Dans l’arrêt Albacom (arrêt du 18 septembre 2003, C-292/01), la Cour avait estimé que la directive limite la souveraineté fiscale des Etats membres, leur interdisant d’introduire des taxes dues en raison de la détention d’une autorisation car « le cadre commun en matière d’autorisations (…) dans les services de télécommunications (…) serait privé d’effet utile si les Etats membres étaient libre de déterminer les charges fiscales que doivent supporter les entreprises du secteur ». La Cour jugeait alors qu’une taxe sur chiffre d’affaires imposée par l’Etat italien à toute entreprise titulaire d’une autorisation individuelle pour la fourniture de services de télécommunications était contraire à la directive.

La taxe télécom instituée en France pour compenser le manque à gagner lié à l’arrêt de la publicité sur les chaînes publiques après 20 heures est largement comparable à la taxe italienne. De la même manière, elle vise toutes les entreprises titulaires d’une autorisation générale (soit celles ayant fait une déclaration préalable à l’ARCEP) et elle est assise sur le chiffre d’affaires.

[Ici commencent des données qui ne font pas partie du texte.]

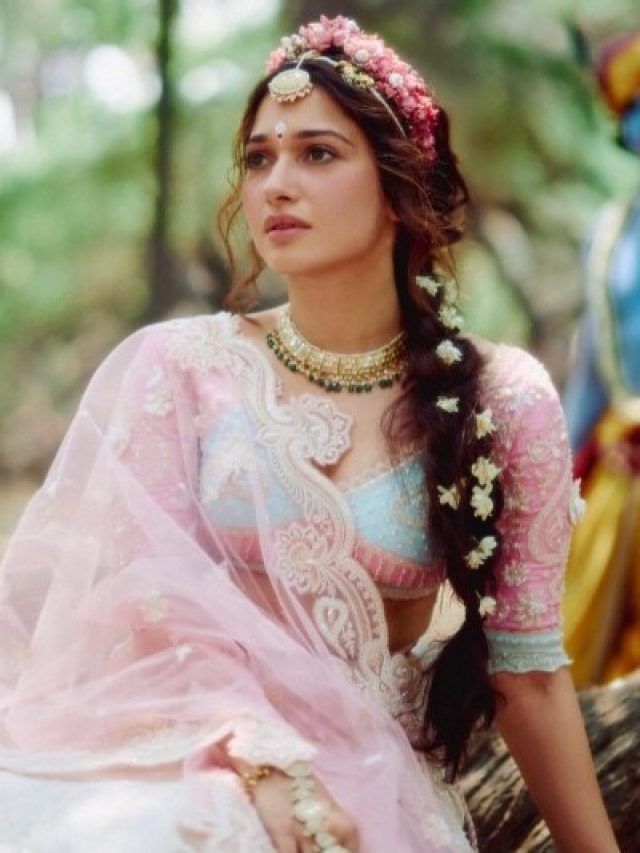 कुमकुम, फूलों और लहंगे में 'राधा' बनीं तमन्ना भाटिया, दिखीं अप्सरा जैसी सुंदर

Mais, de façon tout à fait surprenante, la Cour écarte dans son arrêt du 27 juin 2013 la solution retenue dans l’arrêt Albacom. Elle prend prétexte du fait que, contrairement au texte italien, le texte français prévoit certains exonérations et abattements (la taxe n’étant notamment pas due en deçà d’un chiffre d’affaires de 5 millions d’euros) pour considérer que le fait générateur de la taxe ne serait pas la détention de l’autorisation mais l’exercice de l’activité de fourniture de prestations de communications électroniques aux usagers en France. Selon la Cour, la taxe ne relève donc pas du champ d’application de la directive.

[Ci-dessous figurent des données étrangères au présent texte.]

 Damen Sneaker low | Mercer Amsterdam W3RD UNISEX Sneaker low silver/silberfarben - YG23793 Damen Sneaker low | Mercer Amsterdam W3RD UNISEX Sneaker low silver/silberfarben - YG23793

La solution retenue par la Cour est extrêmement critiquable. La mise à l’écart de la jurisprudence Albacom qui concernait une taxe semblable et la distinction opérée par la Cour entre taxe due du seul fait de la détention d’une autorisation et taxe due à raison de l’exercice de l’activité d’opérateur de télécommunication paraissent artificielles et injustifiées. A travers l’harmonisation des conditions de délivrance des autorisations et des taxes perçues à ce titre, l’objectif de la directive est bien de permettre le libre exercice de l’activité d’opérateur de télécommunications en levant les obstacles, notamment financiers, à ce libre exercice. L’interprétation retenue par la Cour ignore cet objectif et permet aux Etats de contourner très facilement l’interdiction d’instituer une taxe (non destinée à couvrir les coûts administratifs) liée à la détention d’une autorisation de fournir des services de télécommunication.